Gender effect on neurodegeneration and myelin markers in an animal model for multiple sclerosis
1 Health Sciences and Technology - Interdepartmental Center for Industrial Research (HST-ICIR), University of Bologna, Via Tolara di Sopra 50, 40064 Ozzano Emilia, Italy
2 Department of Veterinary Medicine, University of Bologna, Via Tolara di Sopra 50, 40064 Ozzano Emilia, Italy
3 Dept. of Endocrinology, Pathophysiology and Applied Biology - Center of Excellence on Neurodegenerative Diseases, University of Milan, Via Balzaretti 9, 20133 Milano, Italy
BMC Neuroscience 2012, 13:12 doi:10.1186/1471-2202-13-12Published: 24 January 2012
Multiple sclerosis (MS) varies considerably in its incidence and progression in females and males. In spite of clinical evidence, relatively few studies have explored molecular mechanisms possibly involved in gender-related differences. The present study describes possible cellular- and molecular-involved markers which are differentially regulated in male and female rats and result in gender-dependent EAE evolution and progression. Attention was focused on markers of myelination (MBP and PDGFαR) and neuronal distress and/or damage (GABA synthesis enzymes, GAD65 and GAD67, NGF, BDNF and related receptors), in two CNS areas, i.e. spinal cord and cerebellum, which are respectively severely and mildly affected by inflammation and demyelination. Tissues were sampled during acute, relapse/remission and chronic phases and results were analysed by two-way ANOVA.
1. A strong gender-dependent difference in myelin (MBP) and myelin precursor (PDGFαR) marker mRNA expression levels is observed in control animals in the spinal cord, but not in the cerebellum.

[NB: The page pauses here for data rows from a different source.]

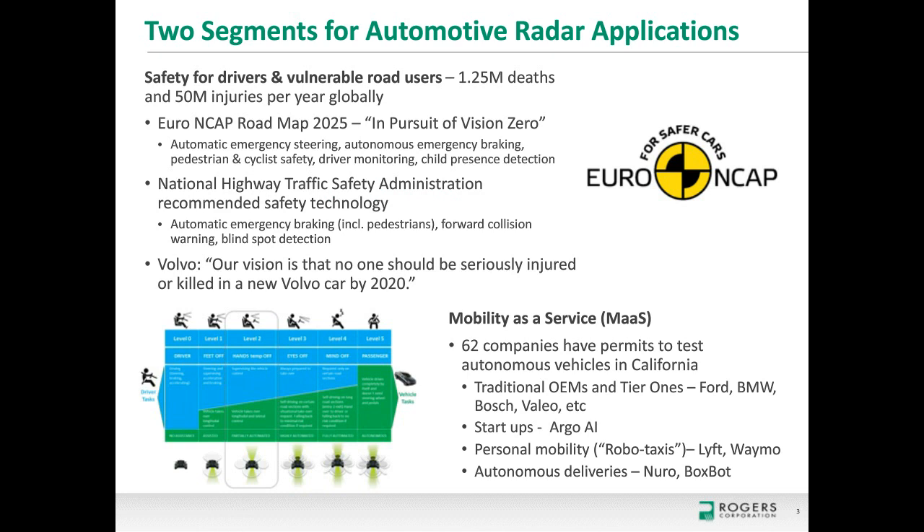There are really two segments driving the growth of radar applications in automobiles. The first is safety. There are about 1.25 million deaths related to vehicle accidents during the year, including drivers, passengers, and vulnerable road users like pedestrians and cyclists. Organizations like Euro NCAP — the New Car Assessment Program — test new cars and provide safety ratings, requiring safety applications enabled by radar, such as automatic emergency steering and braking, pedestrian and cyclist safety, and driver monitoring including detection of children left in cars.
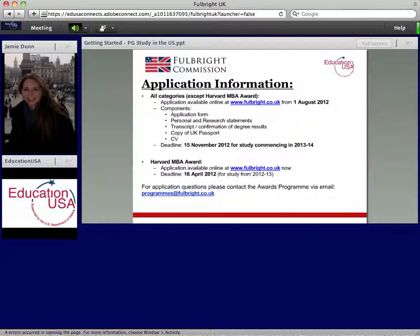Thank you for tuning in. I really appreciate that you've joined us and that you're looking to get started in the US postgraduate admissions process. I hope this presentation has been helpful.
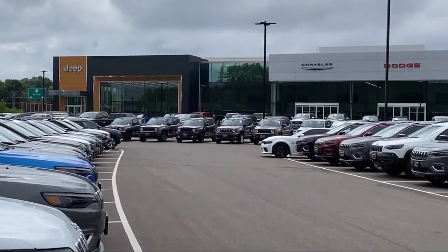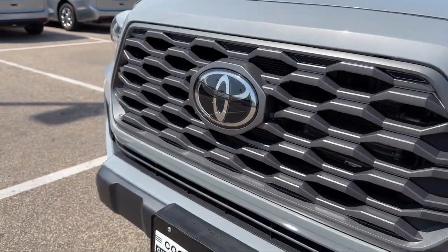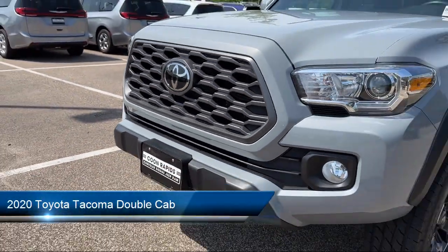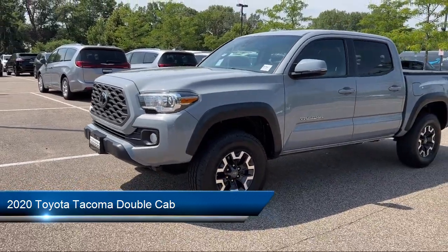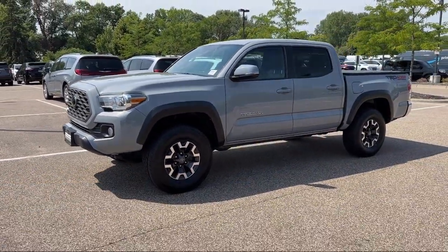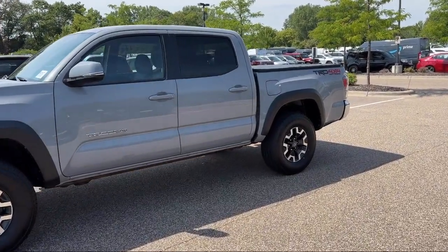Welcome to Coon Rapids Chrysler Dodge Jeep Ram. Here's a look at another one of our great vehicles in inventory. It comes equipped with Apple CarPlay and Android Auto, power sliding rear window with privacy glass, keyless entry, rear view camera, and a backup camera.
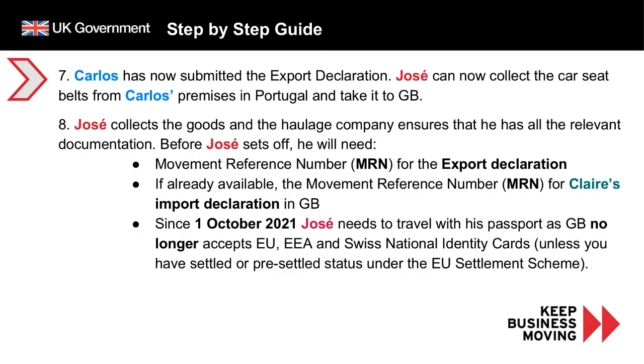Carlos has submitted the export declaration and prepared his goods. It is now time for Jose to collect the seat belts from Carlos's premises in Portugal and take them to Great Britain. Before Jose sets off, he will need the movement reference number for the export declaration, and if already available, the MRN for Clare's import declaration in Great Britain. The MRN for the import declaration is not needed before leaving the exporter's premises, but will be required before arriving at the port of departure. Since the 1st of October 2021, Jose will need to travel with his passport, as Great Britain will no longer accept EU, EEA, and Swiss national identity cards unless you have settled or pre-settled status under the EU Settlement Scheme.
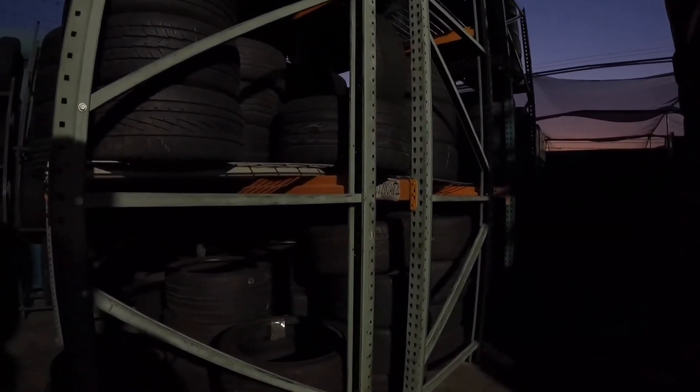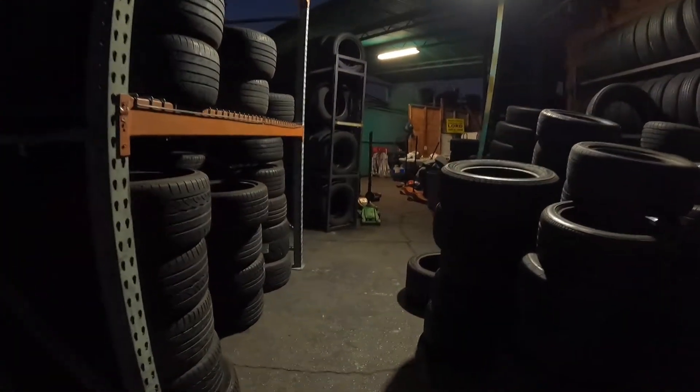We're pretty much done with the pairing from the bottom section. Singles still remain. When we get more tires in, there's a lot more room on this side and some more room in the middle racks. Now I can go buy more tires, fit more in, and do the pairing again. That's how you make good profit when you have pairs. There are more 20-inch pairs in the back racks too, though it's too dark back there for the video.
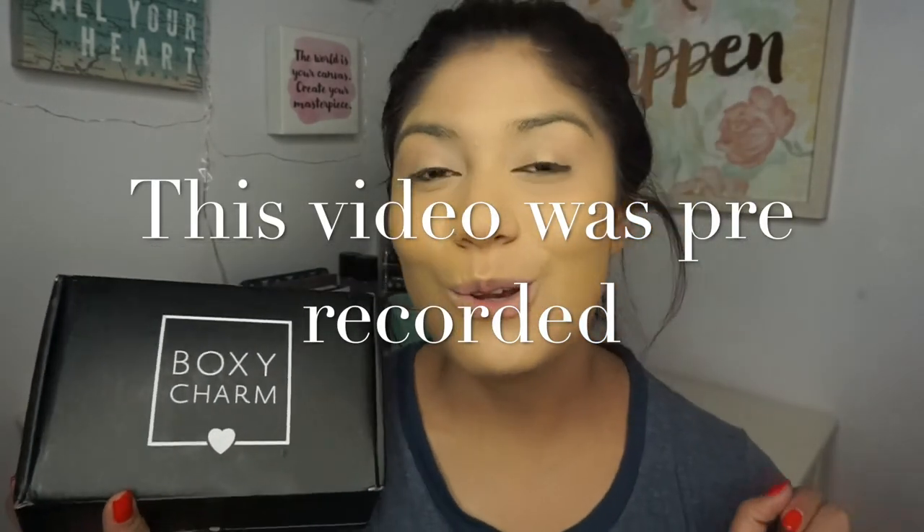I'm going to use mostly this month's BoxyCharm and then a couple things from last month and the month before. I did a peek inside — if you saw my Instagram story yesterday, you saw the lip color that was in here. I also played around a little with the eyeshadow already, because I'm like a little kid on Christmas — as soon as I get makeup I just have to use it.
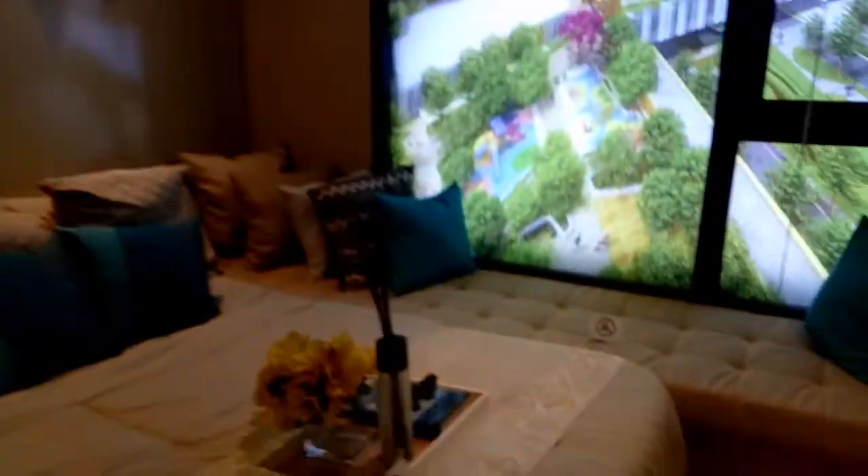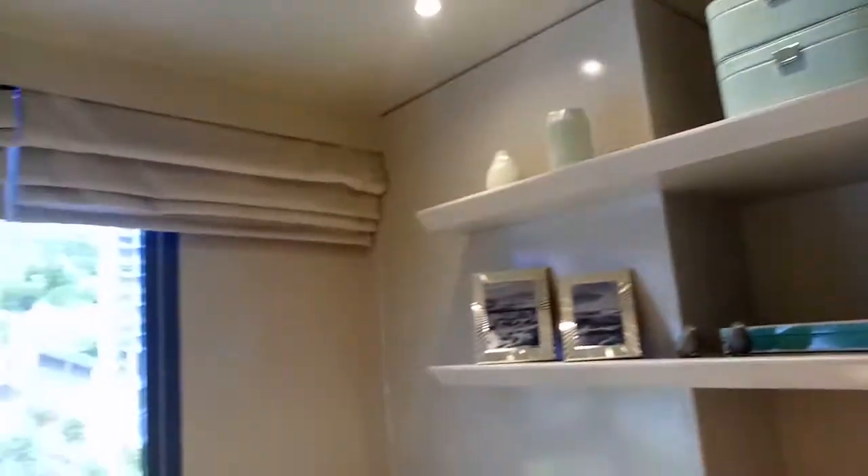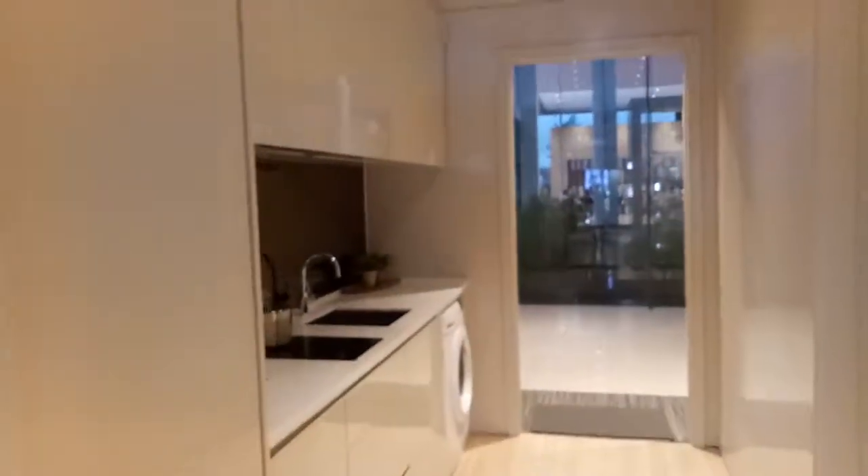At 29.75 square meters, over here will be your air conditioning. Come visit us here at the Mandani Bay showroom if you'd like to check the unit yourself. This is John Paul Pakibut.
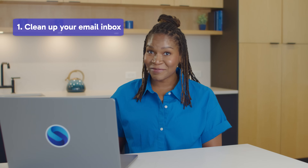Let's start with your email inbox. It's like the junk drawer of your digital life, filled with old receipts, forgotten newsletters, and that email from your aunt you've been putting off replying to.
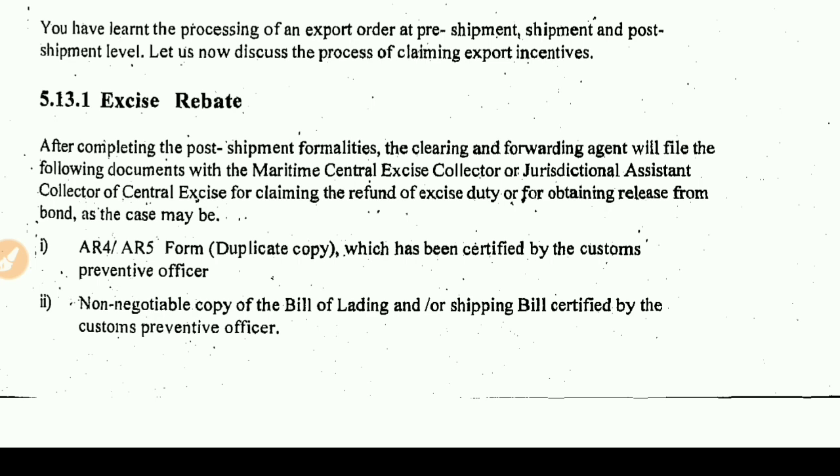After completing the post-shipment formalities, the clearing and forwarding agent will file the following documents with the Maritime Central Excise Collector, or the jurisdictional Assistant Collector of Central Excise, for claiming the refund of excise duty or for obtaining release from bond, as the case may be. The clearing and forwarding agent files the documents and sends them to the Maritime Central Excise Collector.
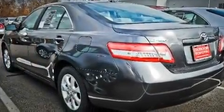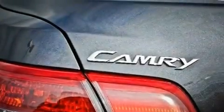Its top features include a multi-function display, air conditioning, cruise control, a CD player, and a passenger side vanity mirror.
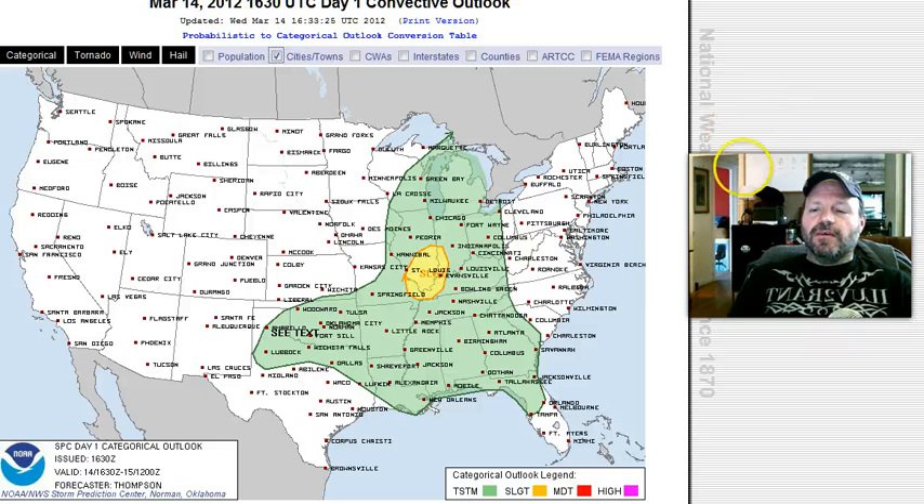Here's a quick look at the Day 1 convective outlook, valid for today. There is a slight risk of severe thunderstorms in the Ohio Valley. The main risk will be large hail and damaging winds — it's not really a tornado setup — but severe thunderstorms this time of year have been very capable of producing tornadoes, so that's an area to watch today. A lot of green on the map, and it would be nice to have a thunderstorm down here in Dallas too, but there's a lot of unsettled weather across the central area.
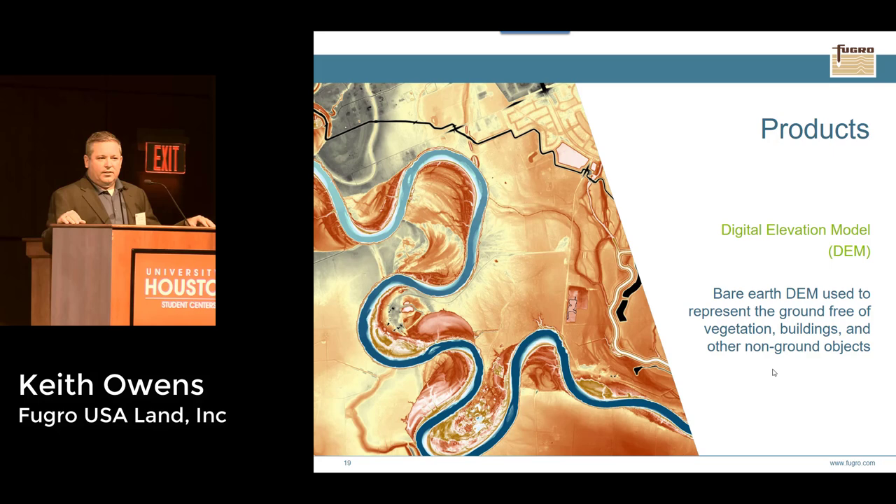Another product coming with the TNRIS project is a digital elevation model. We remove all above-ground features — buildings, trees, poles, fire hydrants — to get a clear picture of bare earth. For this project it's approximately a one-meter bare earth digital elevation model, one of the base products in the TNRIS dataset that you can download from their website. It achieves around 10 centimeter vertical accuracy — a really solid data product.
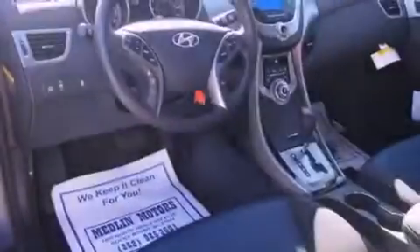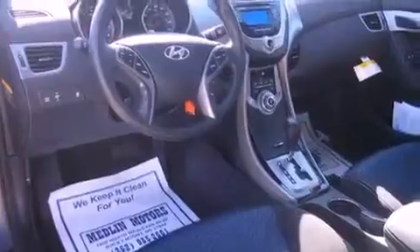The heated seats can warm you up in seconds, keeping you and your passengers comfortable the whole trip. With an EPA estimated rating of 39 miles per gallon on the highway, fuel efficiency does not take a back seat.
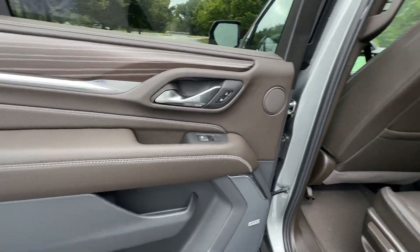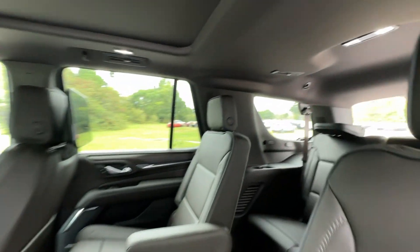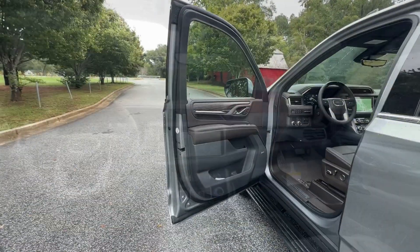Don't miss the chance to drive away in this striking Yukon. Our team will give you an outstanding road test experience. Stop in today.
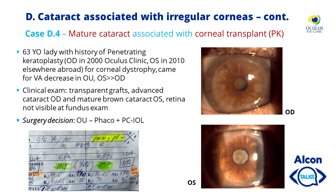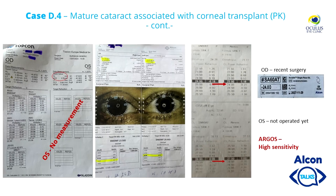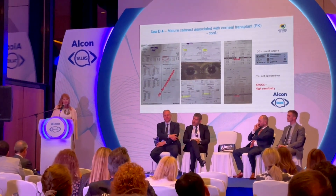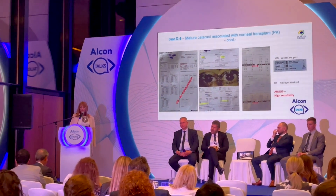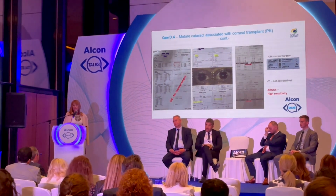Another case: mature cataract associated with corneal transplant. The patient had bilateral pathology; we operated only the right eye, which had a less advanced cataract. However, in the left eye with a very mature cataract, Aladdin failed to measure, whereas Argos measured both eyes. We needed to implant 24 diopters in the right eye and 28 in the left. To confirm, we also performed OcuScan biometry and the values were very similar to Argos, giving us confidence in our IOL selection.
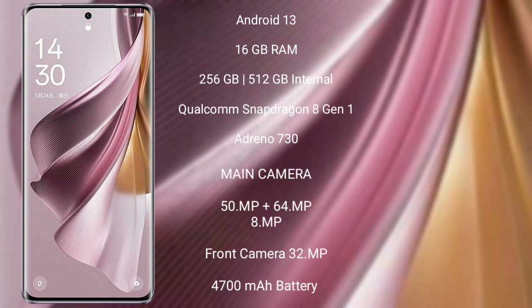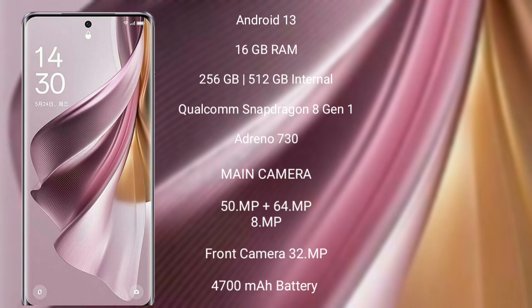The Oppo Reno 10 Pro Plus features a rear triple camera setup: 50MP plus 64MP plus 8MP, and a front camera of 32MP. It has a 4,700 mAh battery with 120W fast charging support.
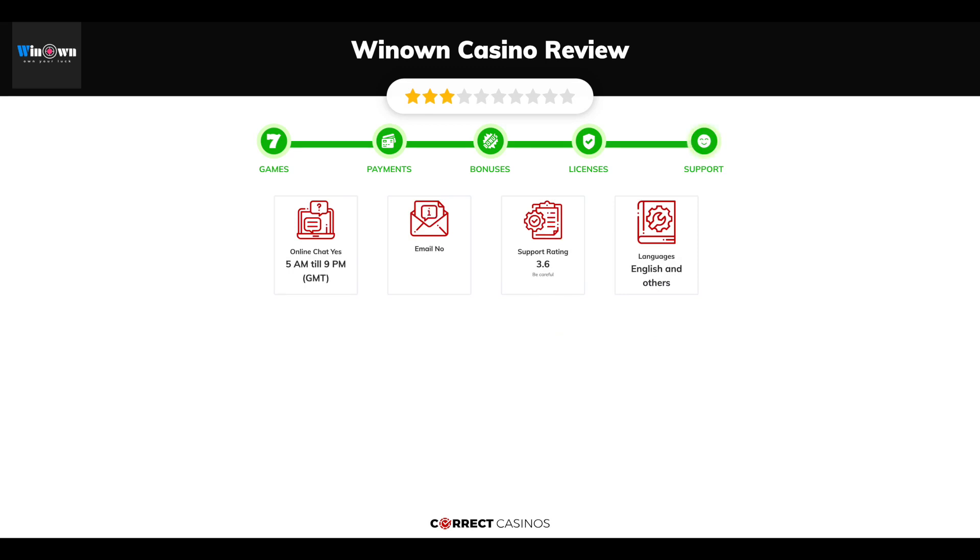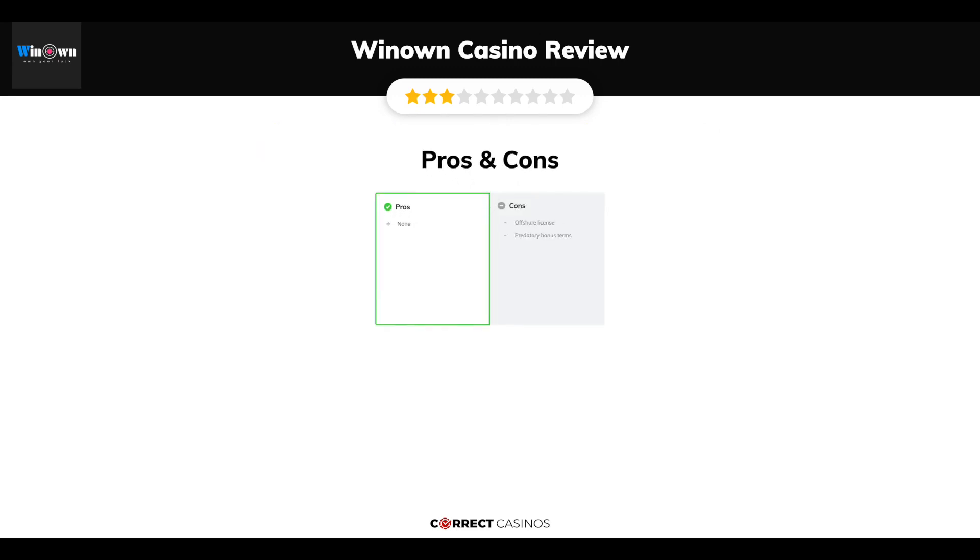Winown Casino support is rated 3.6 from 10. You can contact their support via live chat. The final verdict: Winown Casino strengths are none. Its weakest points are offshore license and predatory bonus terms.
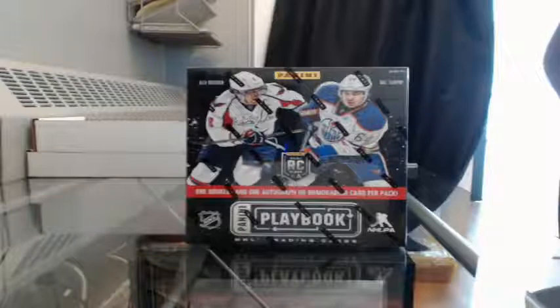Hello again everybody, welcome to our break. We'll see box breaks for the 2013-2014 Penny Playbook box break number 125.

This is the only gender-dependent difference in the expression level of the indicated markers in healthy animals; 2. both PDGFαR and MBP mRNAs in the spinal cord and MBP in the cerebellum are down-regulated during EAE in gender-dependent manner; 3. in the cerebellum, the expression profile of neuron-associated markers (GAD65, GAD67) is characterized by a substantial down-regulation during the inflammatory phase of the disease, which does not differ between male and female rats (two-way ANOVA); 4. there is an up-regulation of NGF, trkA and p75 mRNA expression in the early phases of the disease (14 and 21 days post-immunization), which is not different between male and female.
It is reported herein that the regulation of markers involved in demyelination and neuroprotection processes occurring during EAE, a well-established MS animal model, is gender- and time-dependent. These findings might contribute to gender- and phase disease-based therapy strategies.